Help Me Obi-Wan: Java and Encodings and XML
But today I ran into a wall and all my fiddly bit colleagues are elsewhere so I thought I would ask my readers for help.
Here's what I'm trying to do:
I have XML documents with Arabic content. I read these documents into an internal data structure, do stuff, and write the result out as different XML. Should be easy.
However, I'm finding several odd things that I don't quite understand:
1. Text.getData() is *not* returning a sequence of Unicode characters, it is returning a sequence of characters that correspond one-to-one to the bytes of the UTF-8 encoding of the original Unicode characters.

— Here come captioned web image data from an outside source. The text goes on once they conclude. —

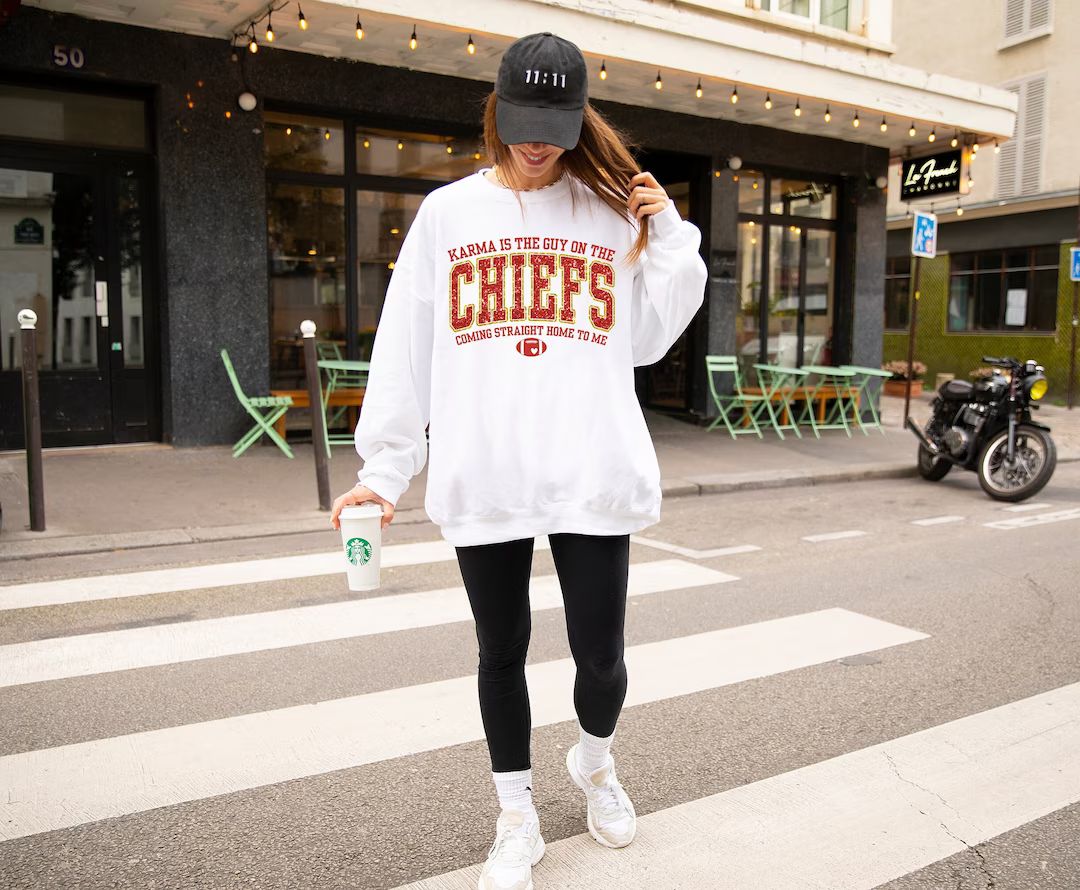 Kc Chiefs Sweatshirt, Karma Is The Guy On The Chiefs Coming Straight Home To Me Tee, Travis Kelce... | Etsy (US)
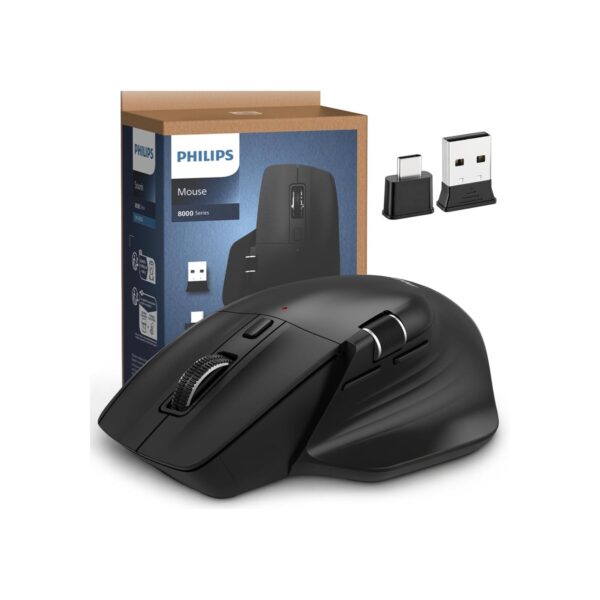 PHILIPS Ergonomic Wireless Mouse, Multi-Device Bluetooth (USB-A/C) for Laptop &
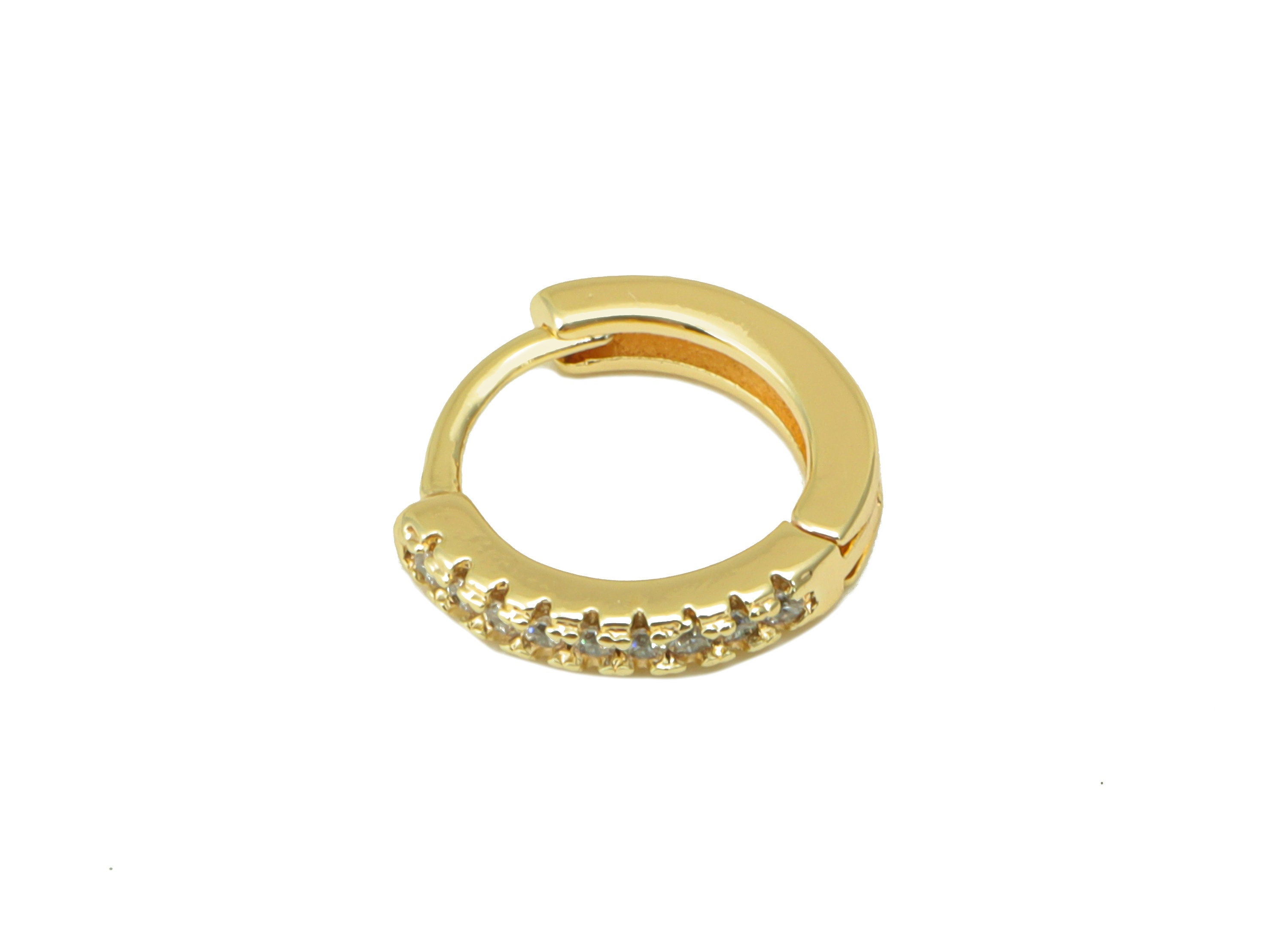 Brass Round Clasp - Brass CZ Huggie Hoop Clasp - Cubic Zirconia Circle Hoop Clasp - 18K Real Gold Plated - 10.8x10.05x1.84mm- RGP6383 - DOMEDBAZAAR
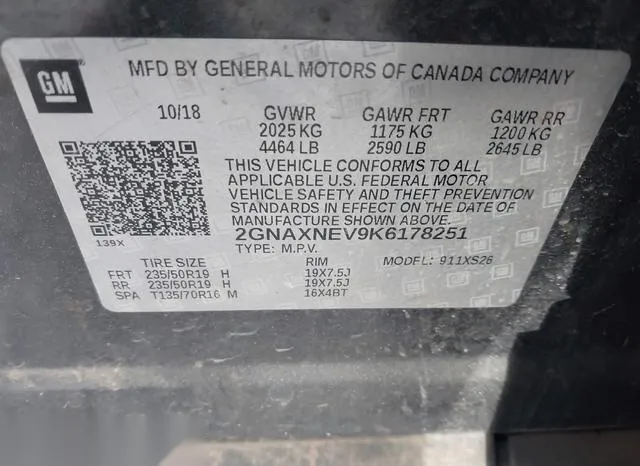 2GNAXNEV9K6178251 2019 2019 Chevrolet Equinox- Premier 9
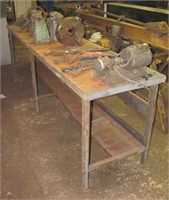 10ft W x 39" T x 28" D steel work bench. Note:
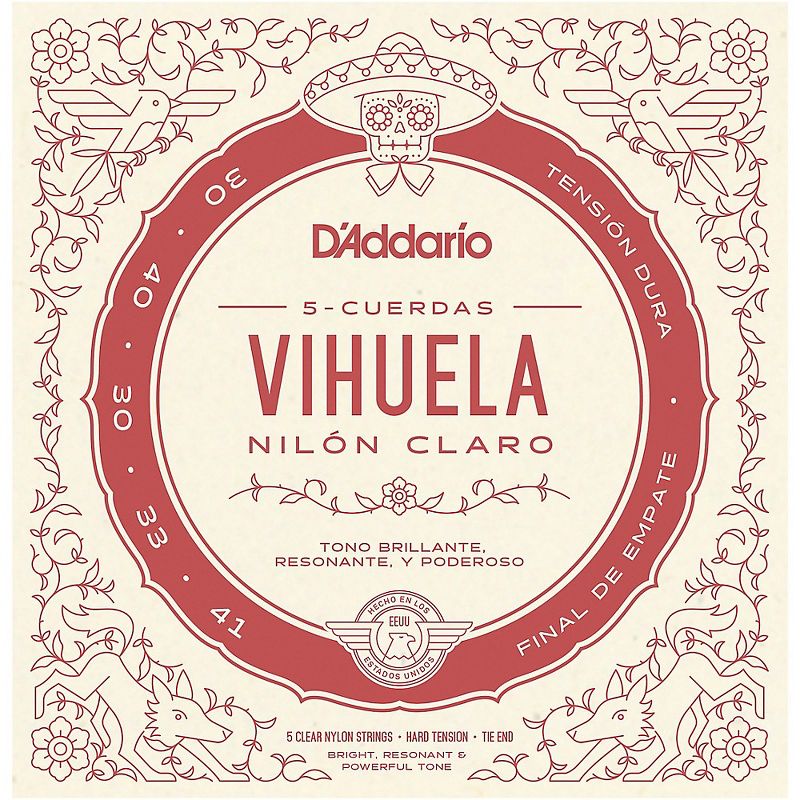 D'Addario Vihuela 5 String Set, Clear Nylon, Hard Tension, 1 of 4
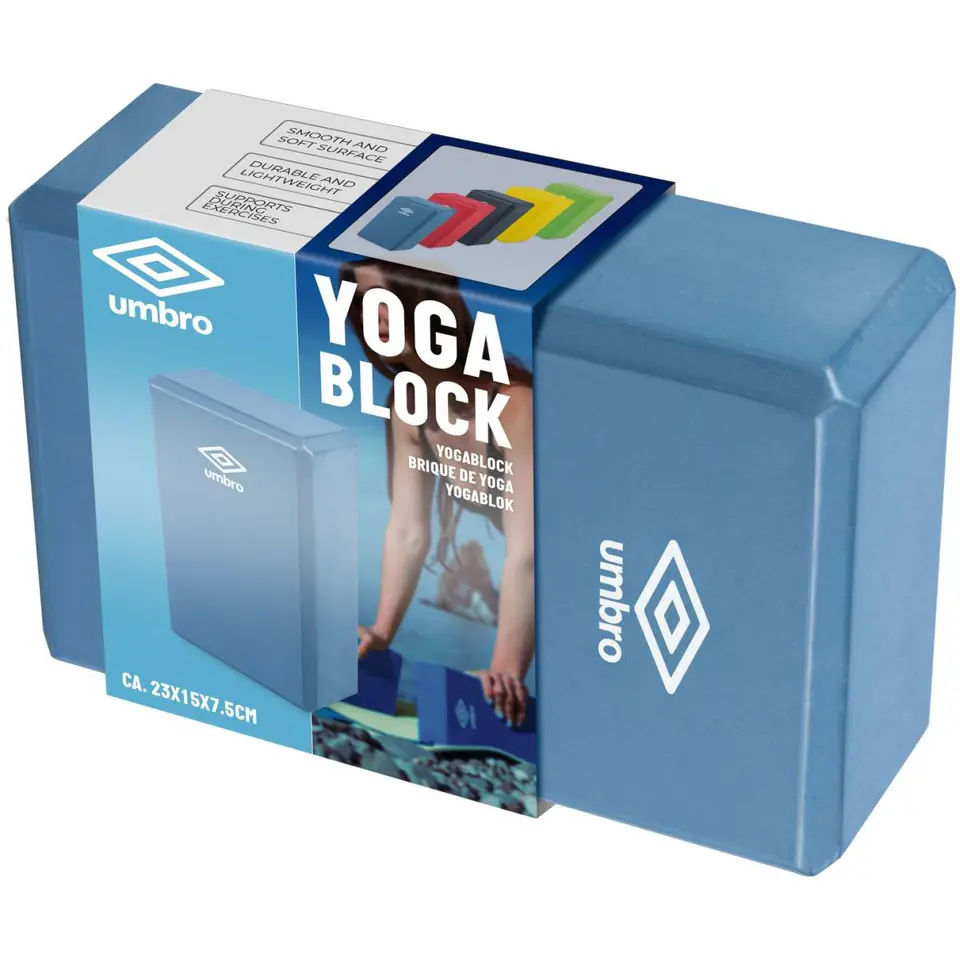 ⁨BLOK KOSTKA DO ĆWICZEŃ JOGA PILATES FITNESS UMBRO NIEBIESKI⁩ w sklepie Wasserman.eu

That threw me because I thought XML data *was* Unicode and therefore Text.getData() should return Unicode characters, not a sequence of single-byte chars. Or have I totally misunderstood how Java manages Strings (I don't think so)?
This is solved by getting the bytes from the string returned by Text.getData() and reinterpreting them using an InputStreamReader with the encoding set to "utf-8". (Is there a better way? Have I again missed something obvious?)
2. When I save the same document as UTF-16 the DOM construction process fails with "Content not allowed in prolog", which doesn't compute because it's not conceivable that any non-trivial XML parser wouldn't handle UTF-16 correctly.
3. When re-interpreting the UTF-8 bytes into characters, it mostly works, except that at least one character, \uFE8D (Arabic Letter Alef Isolated Form), whose UTF-8 byte sequence is EF BA 8D, is reported as EF BA EF, which is not a Unicode character and is converted to \uFFFD and "?" by the input stream reader.
I suspect that I am in fact using a crappy parser but there is so much indirection and layers and IDEs and stuff that it's very difficult, at least for me, to determine which parser I'm using, much less how to control the parser I want to use. I'm developing my code using Eclipse 3.2. I've tried setting my project to both Java 1.4 and 5.0 with no change in behavior.
For this project I have the Xerces 2.9.0 library (as reported by org.apache.xerces.impl.Version) in my classpath.
Does anyone have any idea what might be going on here?
Any help or pointers on what I might be doing wrong or how to fix it?